Daniel Björkman

Personal information
- Full name: Lars Daniel Björkman
- Date of birth: 21 February 1993 (age 32)
- Place of birth: Falun, Sweden
- Height: 1.84 m (6 ft 0 in)
- Position(s): Centre-back

Team information
- Current team: BK Forward
- Number: 8

Youth career
- Samuelsdals IF
- IK Brage

Senior career*
- Years: Team / Apps / (Gls)
- 2012–2014: IK Brage / 16 / (0)
- 2015–2018: BK Forward / 66 / (4)
- 2019–2020: Örebro SK / 13 / (0)
- 2021: KÍ / 10 / (1)
- 2022–: BK Forward / 31 / (1)

= Daniel Björkman =

Swedish footballer (born 1993)

Lars Daniel Björkman (born 21 February 1993) is a Swedish footballer who plays as a centre-back for Division 2 club BK Forward. He has previously played for KÍ, Örebro SK, and IK Brage.

==Career==
Björkman started his football career with Samuelsdals IF in Falun. In 2012, he moved to IK Brage, before joining Örebro-based club BK Forward in 2015.

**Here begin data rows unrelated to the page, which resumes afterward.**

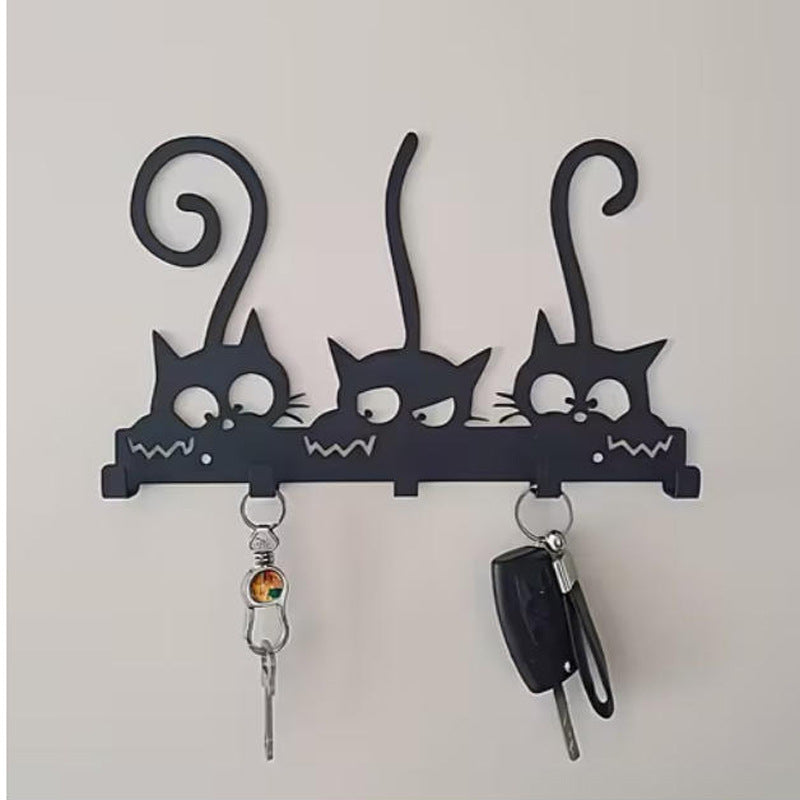 Wall decoration Kalsten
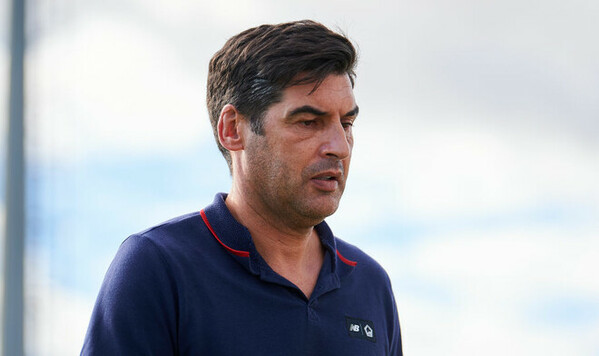 Трамп, Инфантино, Фонсека, Стыд, Украине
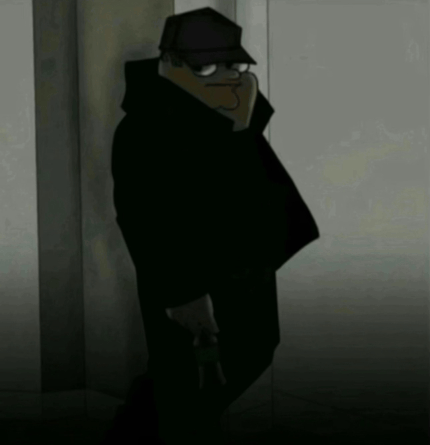 1779558724173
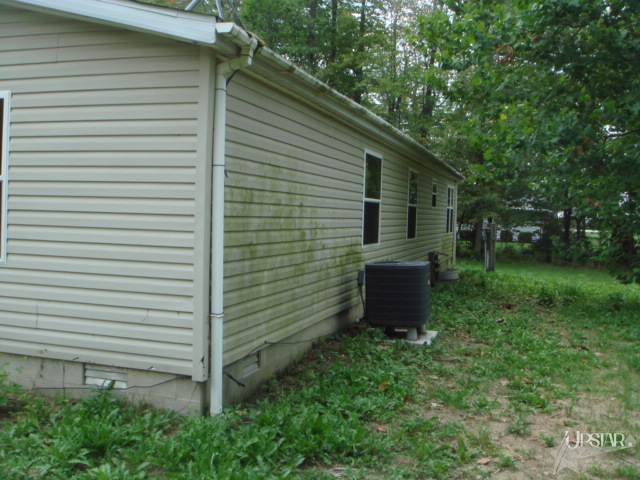 9317 Marion Road Warren, IN 46792 - Photo 6 of 26 Gallery Image 6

After strong performances in 2018, several clubs showed interest. Björkman had trials with AIK, IFK Göteborg, and Örebro SK. Eventually, he signed a two-year contract with Örebro SK. In February 2021, Björkman moved to Faroe Islands Premier League club KÍ on a one-year contract. He left the club after his contract expired in December 2021.

In July 2022, Björkman returned to BK Forward.